CONCUBINATO DE LONGA DURAÇÃO. CONDENAÇÃO A ALIMENTOS [...] PRESERVAÇÃO DA FAMÍLIA X DIGNIDADE E SOLIDARIEDADE HUMANA. SUSTENTO DA ALIMENTANDA PELO ALIMENTANTE POR QUATRO DÉCADAS[...] COMPROVADO RISCO DE DEIXAR DESASSISTIDA PESSOA IDOSA. INCIDÊNCIA DOS PRINCÍPIOS DA DIGNIDADE E SOLIDARIEDADE HUMANAS [...] há de se manter a obrigação de prestação de alimentos a concubina idosa

Concluindo, as decisões proferidas no âmbito da justiça de primeiro grau e nos tribunais, em todo o Brasil, divergem quanto à aplicação da lei e da constituição para conferir ou não direito de pensão, sucessórios e direito quanto à partilha de bens quando da dissolução da relação, muitas vezes equiparando essas relações à sociedade de fato. Dito isso, após os estudos e análises realizadas, antes de qualquer outra discussão, é necessário que esse assunto saia do campo marginal e que se reconheça a presença do concubinato entre as relações sociais e a necessidade de regulamentação para que uma das finalidades do direito seja alcançada: o efetivo alcance da legislação sobre os mais variados conflitos ou inovações sociais, evitando que a relação concubinária esteja julgada apenas por uma visão subjetiva moral, mas que esteja englobada no campo jurídico e alcançada pela igualdade de julgamentos entre os membros sociais. De forma geral, a jurisprudência trata a relação de concubinato como sociedade de fato, retratada no direito obrigacional e não no direito de família, mesmo que a monogamia não seja um princípio constitucional. É necessária uma análise sobre essa linha de visão do sistema judiciário, para que se venha a tratar esse assunto além da visão moral, mas sobre uma perspectiva jurídica sincera e embasada cientificamente.

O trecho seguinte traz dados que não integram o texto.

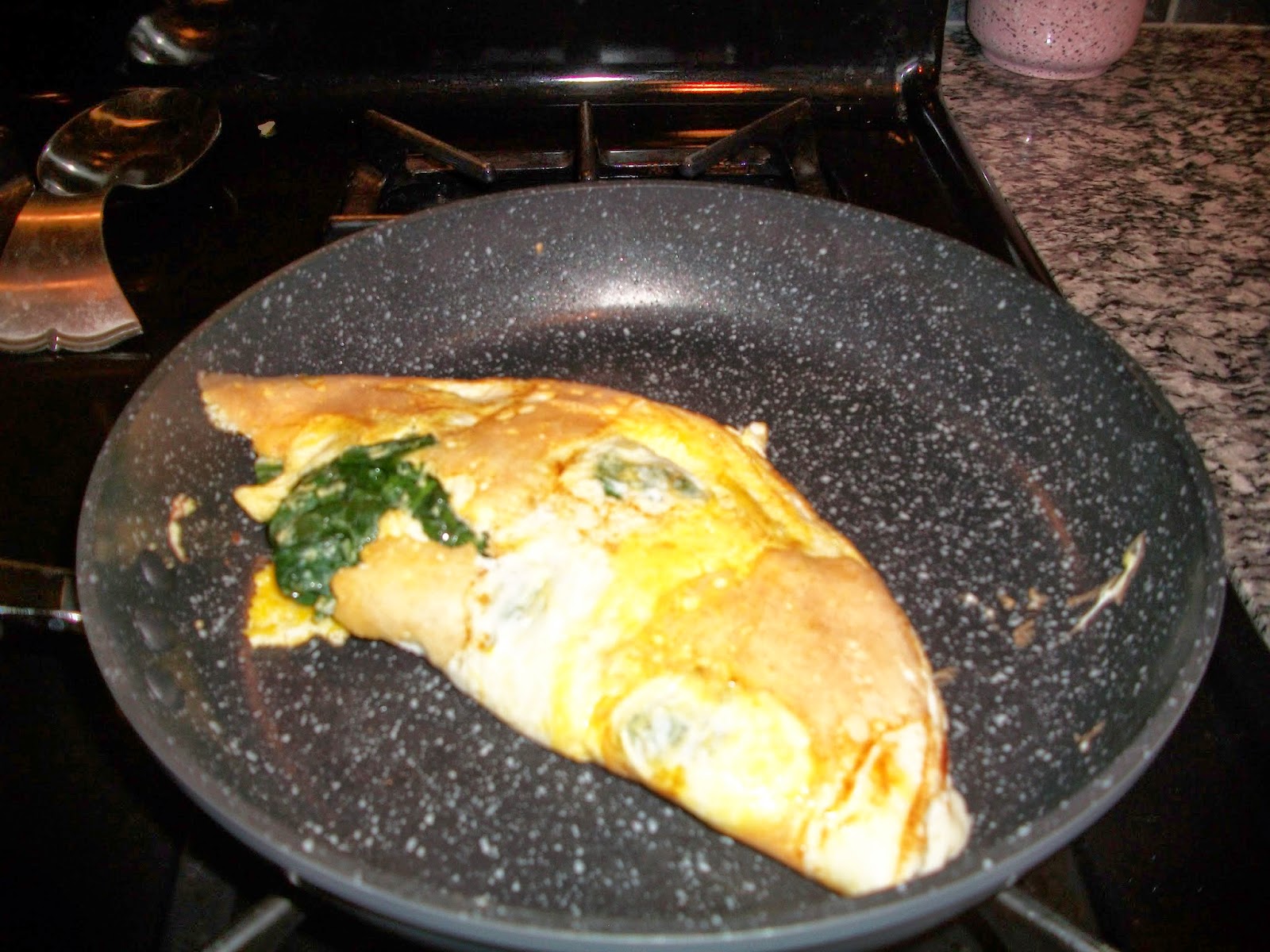 To purchase this awesome Ozeri pan just click on the below links.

Torna-se evidente que as relações concubinárias devem ser consideradas entidades familiares e efetivamente regulamentadas, para que, assim, saiam do campo da incerteza jurídica. O que se torna essencial, por se tratar de instituto com existência real e comprovada em nosso país, sendo notório que muitas pessoas vivem essa situação de desamparo legal, sofrendo o estigma social da marginalização. Logo, uma possibilidade de solução liga-se ao reconhecimento dessa influência e a busca, partindo desse fato, de ponderá-la de forma a ser mais benéfica à finalidade do direito, desconsiderando a norma pela norma, mas admitindo sua finalidade. Isso posto que, o direito não pode manter-se estático, devendo amoldar-se de acordo com as mudanças sociais, econômicas e políticas, para que a efetividade das normas possa ser alcançada. A devida regulamentação torna-se necessária para que as pessoas não sejam submetidas ao arbítrio de decisões não uniformes.


Referências Bibliográficas

BRASIL. Constituição da República Federativa do Brasil. 34ª ed. São Paulo: Editora Atlas S.A., 2014.

BRASIL. Código Civil Brasileiro (Lei n. 10.406/2002).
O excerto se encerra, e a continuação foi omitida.